| Task inputs |
────────────────
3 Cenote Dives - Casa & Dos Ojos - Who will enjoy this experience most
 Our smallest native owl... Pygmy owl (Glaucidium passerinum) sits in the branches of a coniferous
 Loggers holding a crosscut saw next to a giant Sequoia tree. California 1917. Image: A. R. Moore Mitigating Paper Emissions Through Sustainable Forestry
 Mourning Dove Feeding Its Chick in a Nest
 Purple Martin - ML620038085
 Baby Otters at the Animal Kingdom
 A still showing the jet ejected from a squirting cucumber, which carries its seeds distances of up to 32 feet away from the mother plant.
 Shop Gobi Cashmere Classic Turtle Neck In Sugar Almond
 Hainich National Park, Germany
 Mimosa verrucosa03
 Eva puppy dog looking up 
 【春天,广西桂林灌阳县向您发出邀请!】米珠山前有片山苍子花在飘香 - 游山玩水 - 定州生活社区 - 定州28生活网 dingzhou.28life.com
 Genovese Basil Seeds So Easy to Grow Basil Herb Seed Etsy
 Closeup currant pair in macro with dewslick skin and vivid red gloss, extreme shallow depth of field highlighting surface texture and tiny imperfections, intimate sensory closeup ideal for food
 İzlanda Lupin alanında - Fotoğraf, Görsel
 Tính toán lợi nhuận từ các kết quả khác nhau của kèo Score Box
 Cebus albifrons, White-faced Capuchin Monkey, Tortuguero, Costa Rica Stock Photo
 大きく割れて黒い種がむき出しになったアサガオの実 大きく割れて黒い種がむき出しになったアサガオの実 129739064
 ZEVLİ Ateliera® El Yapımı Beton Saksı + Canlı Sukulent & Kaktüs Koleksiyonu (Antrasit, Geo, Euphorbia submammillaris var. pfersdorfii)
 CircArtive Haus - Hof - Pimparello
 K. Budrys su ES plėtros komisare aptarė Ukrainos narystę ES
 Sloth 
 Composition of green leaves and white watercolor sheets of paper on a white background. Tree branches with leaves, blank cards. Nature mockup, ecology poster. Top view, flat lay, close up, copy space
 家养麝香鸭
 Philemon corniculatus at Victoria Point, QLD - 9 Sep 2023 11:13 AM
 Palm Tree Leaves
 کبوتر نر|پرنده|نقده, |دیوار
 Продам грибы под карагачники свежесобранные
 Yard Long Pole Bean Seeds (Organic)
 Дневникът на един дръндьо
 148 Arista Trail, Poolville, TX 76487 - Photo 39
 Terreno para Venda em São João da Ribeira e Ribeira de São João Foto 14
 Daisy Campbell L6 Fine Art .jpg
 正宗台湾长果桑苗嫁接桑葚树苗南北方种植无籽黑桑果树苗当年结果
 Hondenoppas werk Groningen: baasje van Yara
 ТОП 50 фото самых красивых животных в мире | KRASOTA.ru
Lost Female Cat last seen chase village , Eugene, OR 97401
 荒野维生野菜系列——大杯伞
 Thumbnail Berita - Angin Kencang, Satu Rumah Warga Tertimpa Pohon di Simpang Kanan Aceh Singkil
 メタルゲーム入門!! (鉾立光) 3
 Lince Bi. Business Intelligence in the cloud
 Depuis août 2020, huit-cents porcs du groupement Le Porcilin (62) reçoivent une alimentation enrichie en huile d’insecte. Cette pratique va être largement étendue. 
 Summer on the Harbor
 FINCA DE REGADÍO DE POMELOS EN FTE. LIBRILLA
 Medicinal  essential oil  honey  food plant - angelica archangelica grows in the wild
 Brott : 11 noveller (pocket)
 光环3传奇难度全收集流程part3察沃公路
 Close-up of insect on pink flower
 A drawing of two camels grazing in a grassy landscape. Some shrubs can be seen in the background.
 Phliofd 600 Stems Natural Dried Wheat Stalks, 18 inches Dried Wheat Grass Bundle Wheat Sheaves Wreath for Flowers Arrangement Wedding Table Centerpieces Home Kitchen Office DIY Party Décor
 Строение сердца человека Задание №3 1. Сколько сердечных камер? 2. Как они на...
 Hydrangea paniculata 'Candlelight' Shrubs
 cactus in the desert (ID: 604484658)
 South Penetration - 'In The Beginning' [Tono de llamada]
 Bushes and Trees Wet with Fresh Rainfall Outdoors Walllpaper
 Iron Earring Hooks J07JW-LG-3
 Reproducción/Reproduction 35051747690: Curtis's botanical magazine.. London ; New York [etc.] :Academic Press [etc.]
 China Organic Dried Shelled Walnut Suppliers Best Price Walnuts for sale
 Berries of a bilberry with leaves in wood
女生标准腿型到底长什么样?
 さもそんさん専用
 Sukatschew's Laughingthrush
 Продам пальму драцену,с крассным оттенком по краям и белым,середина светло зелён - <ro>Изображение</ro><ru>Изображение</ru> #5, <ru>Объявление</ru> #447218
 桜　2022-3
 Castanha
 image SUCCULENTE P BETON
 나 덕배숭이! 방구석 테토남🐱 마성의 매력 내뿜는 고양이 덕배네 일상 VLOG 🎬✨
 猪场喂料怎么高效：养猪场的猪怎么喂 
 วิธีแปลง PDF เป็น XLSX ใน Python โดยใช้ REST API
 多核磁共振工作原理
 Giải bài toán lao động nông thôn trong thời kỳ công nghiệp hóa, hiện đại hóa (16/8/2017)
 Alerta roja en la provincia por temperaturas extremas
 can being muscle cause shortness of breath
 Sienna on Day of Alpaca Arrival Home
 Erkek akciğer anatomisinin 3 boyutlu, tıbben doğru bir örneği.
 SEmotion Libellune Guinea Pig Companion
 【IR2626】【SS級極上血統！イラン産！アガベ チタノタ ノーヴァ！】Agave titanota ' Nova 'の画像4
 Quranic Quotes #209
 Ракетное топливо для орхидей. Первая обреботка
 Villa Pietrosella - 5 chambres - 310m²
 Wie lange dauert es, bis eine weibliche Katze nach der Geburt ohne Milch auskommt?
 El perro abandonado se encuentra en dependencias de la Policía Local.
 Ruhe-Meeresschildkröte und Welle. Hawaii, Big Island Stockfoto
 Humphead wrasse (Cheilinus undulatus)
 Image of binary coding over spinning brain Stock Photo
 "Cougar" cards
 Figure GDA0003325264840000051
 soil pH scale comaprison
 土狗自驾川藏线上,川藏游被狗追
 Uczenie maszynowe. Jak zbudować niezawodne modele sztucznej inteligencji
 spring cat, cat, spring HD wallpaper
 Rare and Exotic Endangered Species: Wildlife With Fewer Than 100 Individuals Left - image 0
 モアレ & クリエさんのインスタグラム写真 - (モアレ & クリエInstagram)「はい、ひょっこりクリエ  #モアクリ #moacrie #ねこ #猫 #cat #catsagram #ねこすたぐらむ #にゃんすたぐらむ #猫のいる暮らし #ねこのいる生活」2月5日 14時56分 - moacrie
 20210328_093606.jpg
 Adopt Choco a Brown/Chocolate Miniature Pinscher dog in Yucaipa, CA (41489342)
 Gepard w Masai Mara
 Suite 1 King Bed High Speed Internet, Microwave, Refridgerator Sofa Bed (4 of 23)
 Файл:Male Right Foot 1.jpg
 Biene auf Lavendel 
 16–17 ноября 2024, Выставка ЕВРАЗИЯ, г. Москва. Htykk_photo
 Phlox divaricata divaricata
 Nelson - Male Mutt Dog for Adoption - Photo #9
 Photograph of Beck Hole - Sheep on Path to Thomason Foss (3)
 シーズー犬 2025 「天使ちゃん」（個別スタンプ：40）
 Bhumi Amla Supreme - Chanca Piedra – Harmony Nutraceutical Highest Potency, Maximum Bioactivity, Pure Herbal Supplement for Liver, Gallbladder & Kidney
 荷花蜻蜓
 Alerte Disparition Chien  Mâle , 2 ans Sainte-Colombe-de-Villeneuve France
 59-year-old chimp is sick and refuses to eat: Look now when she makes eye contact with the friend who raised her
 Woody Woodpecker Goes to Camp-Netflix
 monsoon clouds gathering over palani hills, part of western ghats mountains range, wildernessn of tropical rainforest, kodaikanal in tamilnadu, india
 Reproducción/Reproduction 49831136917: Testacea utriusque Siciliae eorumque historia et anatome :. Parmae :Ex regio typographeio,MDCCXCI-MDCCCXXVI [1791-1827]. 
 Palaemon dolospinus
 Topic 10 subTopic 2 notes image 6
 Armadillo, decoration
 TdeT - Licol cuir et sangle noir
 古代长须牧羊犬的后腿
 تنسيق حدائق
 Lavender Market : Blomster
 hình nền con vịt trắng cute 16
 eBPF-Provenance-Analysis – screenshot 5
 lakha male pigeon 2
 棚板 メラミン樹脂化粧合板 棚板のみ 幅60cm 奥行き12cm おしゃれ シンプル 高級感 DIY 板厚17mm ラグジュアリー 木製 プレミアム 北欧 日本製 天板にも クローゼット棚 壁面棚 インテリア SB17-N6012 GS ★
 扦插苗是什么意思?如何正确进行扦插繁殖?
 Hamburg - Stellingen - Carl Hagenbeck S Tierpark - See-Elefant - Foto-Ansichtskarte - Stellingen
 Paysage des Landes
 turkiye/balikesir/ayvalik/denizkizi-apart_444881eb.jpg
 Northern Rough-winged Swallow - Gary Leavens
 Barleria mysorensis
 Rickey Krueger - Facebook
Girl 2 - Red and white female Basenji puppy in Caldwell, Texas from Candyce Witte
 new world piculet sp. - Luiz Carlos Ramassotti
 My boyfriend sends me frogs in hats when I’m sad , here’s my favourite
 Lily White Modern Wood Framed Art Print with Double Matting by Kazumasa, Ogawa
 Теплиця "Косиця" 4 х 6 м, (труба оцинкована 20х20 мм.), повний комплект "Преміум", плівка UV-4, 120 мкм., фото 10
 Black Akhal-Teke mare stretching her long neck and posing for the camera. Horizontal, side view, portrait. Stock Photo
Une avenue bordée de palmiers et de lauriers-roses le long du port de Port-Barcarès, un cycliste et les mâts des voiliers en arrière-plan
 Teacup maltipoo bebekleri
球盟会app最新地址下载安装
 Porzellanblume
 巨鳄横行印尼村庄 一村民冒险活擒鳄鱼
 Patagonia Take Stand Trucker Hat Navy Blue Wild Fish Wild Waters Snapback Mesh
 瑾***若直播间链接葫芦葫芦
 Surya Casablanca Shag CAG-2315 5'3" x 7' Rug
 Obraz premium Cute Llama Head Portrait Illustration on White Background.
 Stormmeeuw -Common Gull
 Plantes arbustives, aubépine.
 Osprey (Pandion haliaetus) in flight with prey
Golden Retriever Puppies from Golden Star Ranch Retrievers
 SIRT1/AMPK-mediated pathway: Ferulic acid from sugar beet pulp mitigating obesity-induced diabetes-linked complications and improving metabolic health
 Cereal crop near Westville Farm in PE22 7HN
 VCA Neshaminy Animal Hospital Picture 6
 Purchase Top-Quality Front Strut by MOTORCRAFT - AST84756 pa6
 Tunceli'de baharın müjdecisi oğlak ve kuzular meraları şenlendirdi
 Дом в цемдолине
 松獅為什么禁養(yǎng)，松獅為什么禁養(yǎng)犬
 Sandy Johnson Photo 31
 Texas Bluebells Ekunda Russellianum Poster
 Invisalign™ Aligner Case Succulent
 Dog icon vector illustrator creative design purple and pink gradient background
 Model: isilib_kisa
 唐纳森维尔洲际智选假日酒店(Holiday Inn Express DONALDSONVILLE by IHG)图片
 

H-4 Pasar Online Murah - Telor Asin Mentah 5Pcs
────────────────
Among the lines of the material above, find those with the word "cards". Copy each one.

| Exercise solution |
 Composition of green leaves and white watercolor sheets of paper on a white background. Tree branches with leaves, blank cards. Nature mockup, ecology poster. Top view, flat lay, close up, copy space
 "Cougar" cards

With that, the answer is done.